Carter began serving in the House of Burgesses in 1676, the year of Bacon's Rebellion, which changed the colony's relationship with the Board of Trade in London. He also had a substantial library of several hundred volumes.

==Death and legacy==
Carter died in 1690, possibly of malaria contracted three years earlier, and which had necessitated his replacement as justice of the peace at that time. Some of his estate and slaves went to his widow, who in June, 1691 took her third husband. She became the fourth wife of Col. Christopher Wormeley, also on the Governor's Council. According to various provisions, their 14-year old daughter Elizabeth received money (some entrusted to his London merchants), land and ten Negroes (which she would inherit at age 18) and the "negro Childe Bridget to waite upon her". John Carter's will also provided that his brother Robert Carter would receive the mill and other real estate if John's daughter Elizabeth did not have children—and in fact she died of measles in November 1693, shortly after her marriage to the son of Richmond County burgess (and Col.) William Lloyd, and that estate became subject to litigation because of her deathbed will naming her husband John Lloyd as her executor. John Carter's will also provided that his brother Charles (then in England) would only receive 3 pounds sterling (as did Robert) to buy a mourning ring. Even this, however, produced litigation, as several unpaid creditors sued. The court early on found some collusion and sales had taken place between the overseers, but dismissed charges against the immediate family. Moreover, after the widow's remarriage, her husband, Wormeley, sued on her behalf for her dower rights (which one descendant considered a formality), but lost after she died in 1693. Then John Lloyd became one of the administrators of his late father-in-law's estate to replace his wife, but decided to leave the colony for England in 1700, leaving his burgess brother Thomas in charge of his Virginia plantations. Thirty years later the Court of Chancery in England ordered them sold to pay the debts of Lloyd's estate, and Robert Carter purchased them.

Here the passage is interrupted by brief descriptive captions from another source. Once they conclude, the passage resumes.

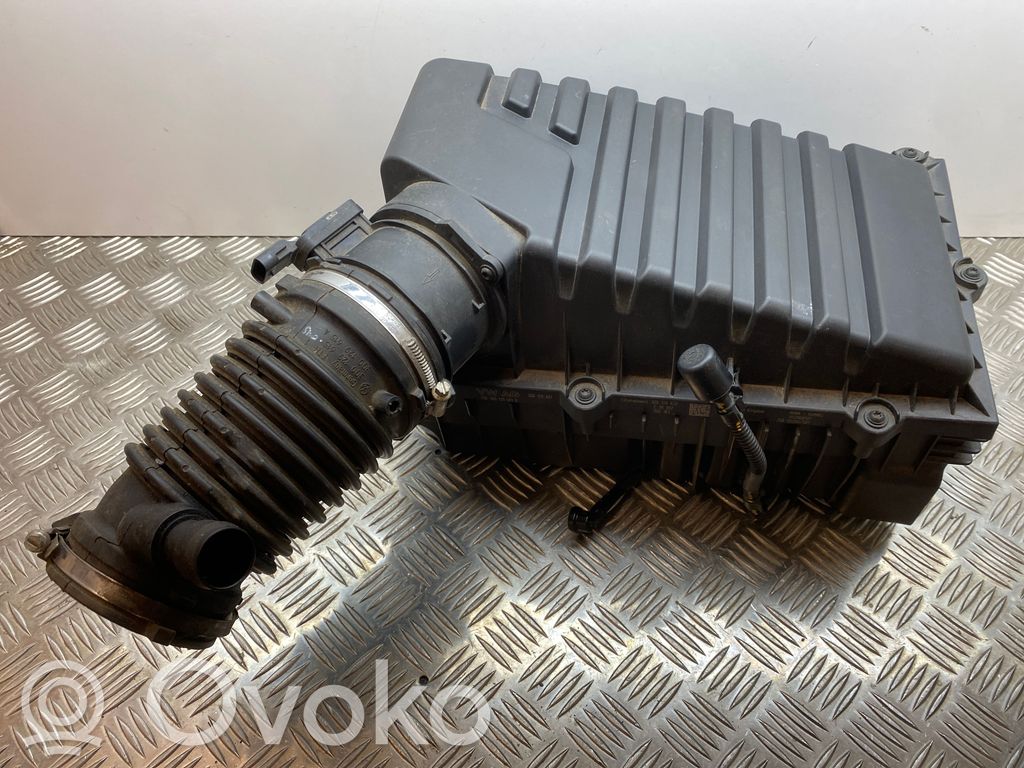 Volkswagen PASSAT B8 Air filter box 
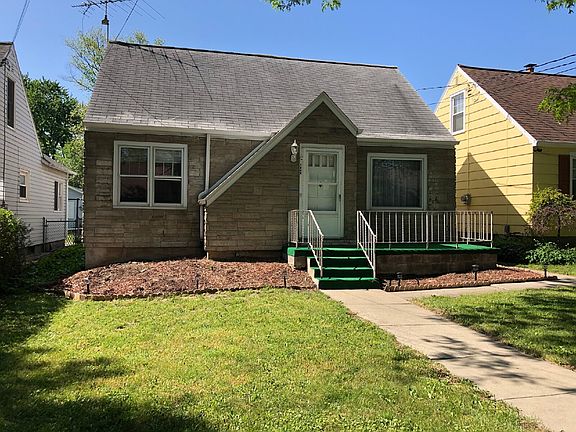2nd image of 1345 Roselle Ave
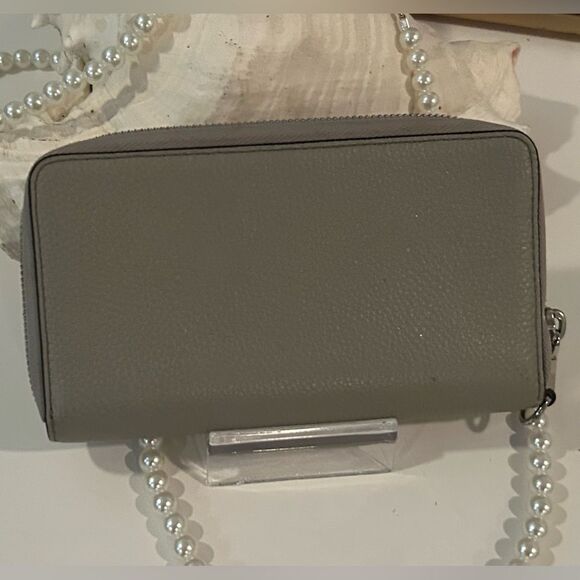 Michael Kors Gray Pebble Leather Zip-Around Wallet Clutch Classic - Picture 6 of 7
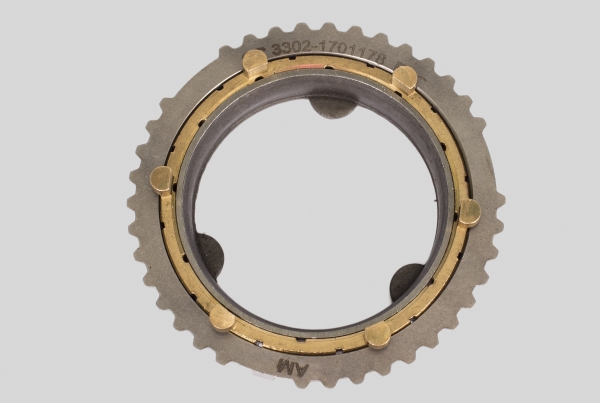 Кольцо синхронизатора блокирующее в сборе КПП-5 Вал-й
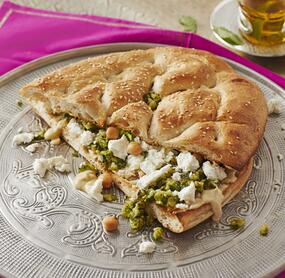 Gefülltes Fladenbrot mit Hummus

The second provision of Carter's will freed four slaves—Richard and his wife Chriss and their two daughters—and gave them a piece of land, cattle, barrels of corn and peas, and lumber to build a cabin. Richard (sometimes referred to as "Free Dick" or "Black Dick" or "Free Richard") married Elizabeth after Chriss' death and had a second son. He last appeared on the tithables list in 1706, and probably died soon thereafter. Many generations later, his descendant, Armistead Nickens became the first Black representative for Lancaster County in the Virginia House of Delegates.